【談話】映画「靖国」への政治介入に抗議する
2008年4月1日
全国労働組合総連合
事務局長 小田川義和
3月31日、靖国神社をテーマにしたドキュメンタリー映画「靖国 YASUKUNI」(李纓監督)の映画館上映が、相次いでとりやめになったと報じられました。
ことの発端は、自民党の稲田朋美衆院議員と同氏が会長を務める「伝統と創造の会」や「平和靖国議連(会長・今津寛衆院議員)」から、公費助成が適切だったかどうかを検証する目的での「試写会」実施が配給会社と文化庁に要請され、文化庁が異例のとりあつかいで国会議員向け試写会を3月12日に実施したことにあります。
稲田議員は、試写会終了後のインタビューで「イデオロギー的メッセージを感じた」(東京新聞)、「ある種のイデオロギーをもった政治的に中立でないものを日本映画にして助成するのはふさわしいか」(赤旗)などと発言したと報じられており、芸術文化振興基金からの助成取り消しを求めている、とも伝えられています。
このような経緯は、日本のかつての中国侵略は正しかったとする「靖国派議員」らによって、憲法で禁じられている「検閲」が行われ、各種の言動を通じて政治的介入が繰り返された結果、上映中止という異常な事態が生じたことを明らかにしています。全労連は、極めて重要な基本的人権である言論・表現の自由が、そのような経緯で踏みにじられたことに、強い危機感を覚えます。また、基本的人権を擁護すべき文化庁が、政治の圧力に屈する対応をおこなったことに抗議するものです。
かつてNHKのETV番組改編問題が起きたとき、安倍晋三幹事長代理(当時)は「公正にやってくれと言っただけ」と開き直りました。約1年前には「週刊金曜日」の集会で演じられた皇室風刺寸劇が「不敬」だとの右翼の攻撃で中止になり、今年2月にも日教組大会が会場となったホテル側から「右翼が騒げば客に迷惑がかかる」として使用を拒否されるなど、「集会・結社、言論・表現の自由」をめぐる危機的な状況が頻発しています。こうした事態を黙認していては、日本の民主主義が圧殺されかねません。

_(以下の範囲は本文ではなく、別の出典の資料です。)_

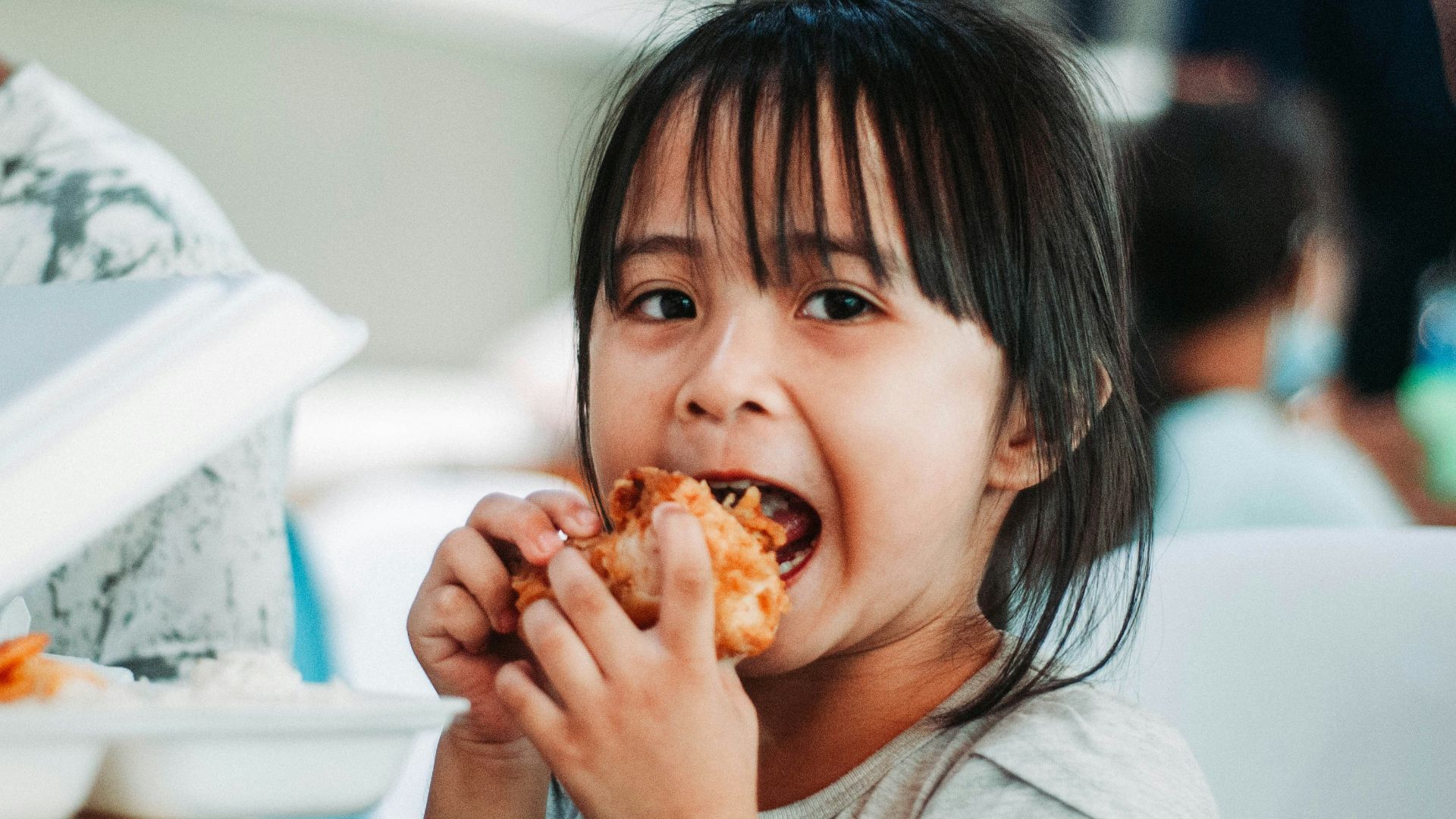 girl biting a good by table at daytime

映画「靖国」の映画館での上映中止によって、「イデオロギー性のある映画」の製作が困難となり、文化の貧困化と退廃を招き、場合によっては外交問題に発展しかねないという問題も懸念されます。
全労連は、言論・表現の自由が、政治の介入や右翼の策動・軽挙妄動によって踏みにじられることを黙過することはできません。理不尽な映画「靖国」の上映中止に対し、多くの皆さんが抗議の声を上げていただくこと、鑑賞が自由に行えるよう映画関係者の方々のご尽力をつよく訴えるものです。